--- DATASET ENTRIES ---
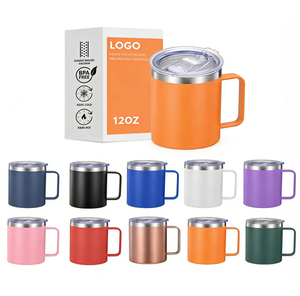 Logo personnalisé de 12oz gobelet sous vide à double paroi en acier inoxydable voyage camping isolé tasse à café avec poignée - Product Image 1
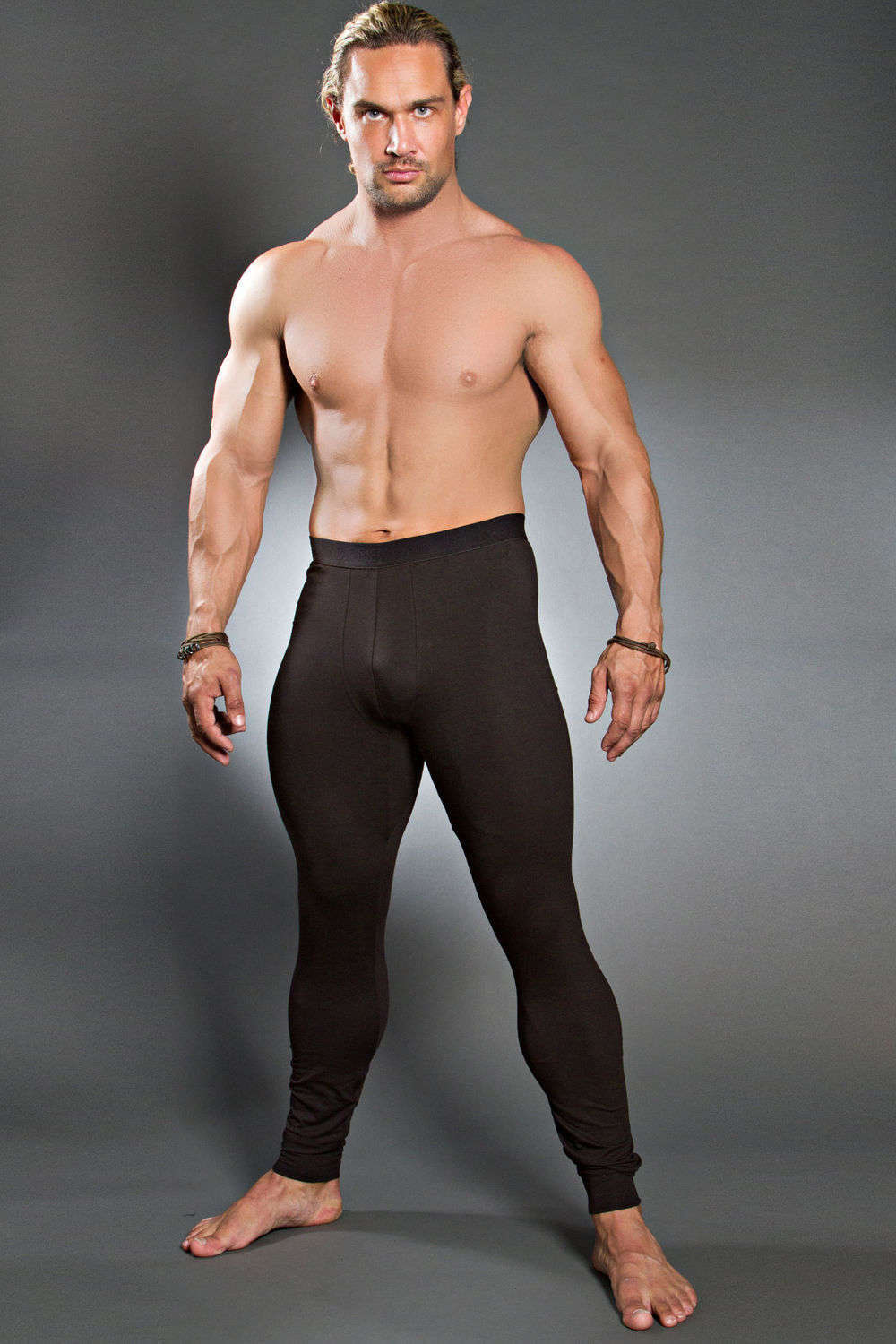 Soft cotton modal men's long john underwear from Doreanse with folded leg cuffs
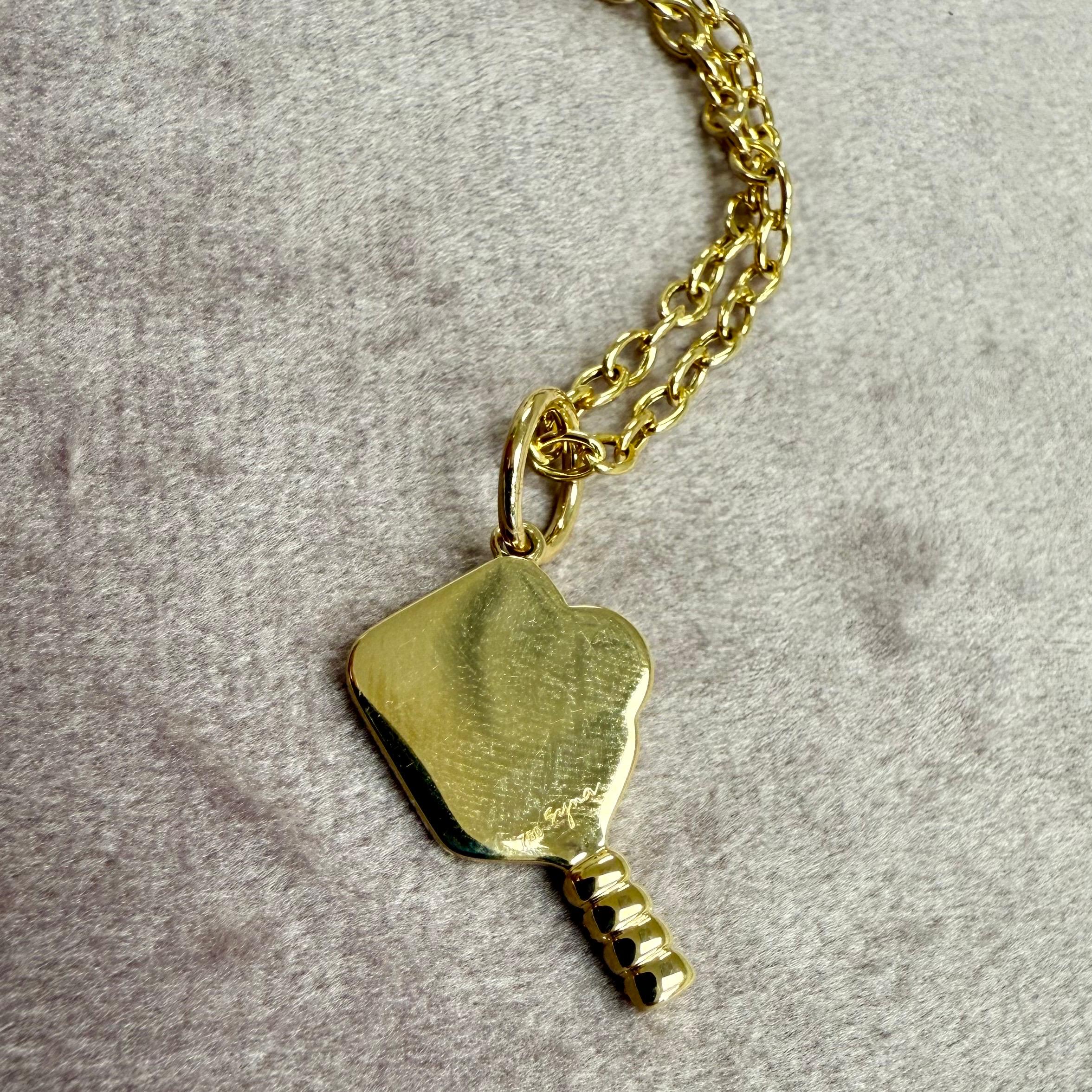 Contemporaneo Ciondolo Charm Pickleball in oro giallo Syna con topazio blu e diamanti in vendita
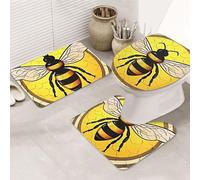 Abeilles À Miel Tapis De Bain 3 Pièces Doux Tapis WC Antidérapant Carpettes De Toilette pour Intérieur Douche Maison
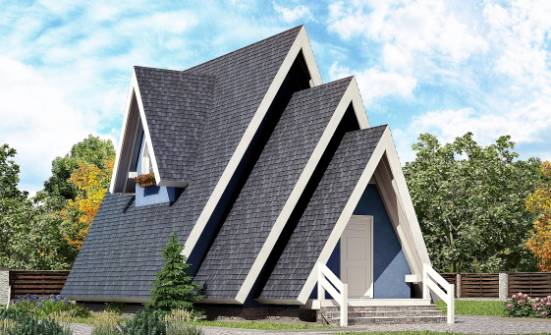 100-002-П Проект двухэтажного дома мансардой, доступный коттедж из дерева Ефремов | Проекты домов от House Expert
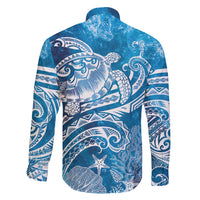 World Ocean Day Polynesian Pattern Family Matching Short Sleeve Bodycon Dress and Hawaiian Shirt Crystal Waves LT7 - Polynesian Pride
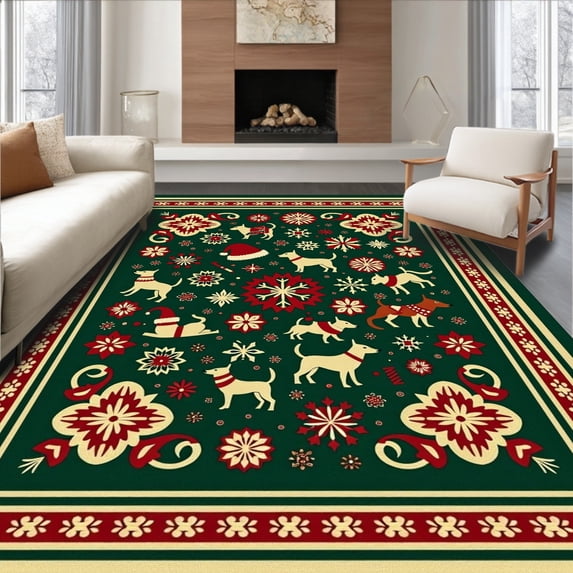 ODIKA 8'x10' Machine Washable Non-Slip Area Rug, Festive Canine With Snowflakes And Holiday Accents High Traffic Rug with Pad, Green, 623535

--- WORK REQUIRED ---
Restate each line from the start of the listing through the line bearing "Contemporaneo Ciondolo Charm" word for word. Drop the pictures.

--- ANSWER FOR THIS EXERCISE ---
 Logo personnalisé de 12oz gobelet sous vide à double paroi en acier inoxydable voyage camping isolé tasse à café avec poignée - Product Image 1
 Soft cotton modal men's long john underwear from Doreanse with folded leg cuffs
 Contemporaneo Ciondolo Charm Pickleball in oro giallo Syna con topazio blu e diamanti in vendita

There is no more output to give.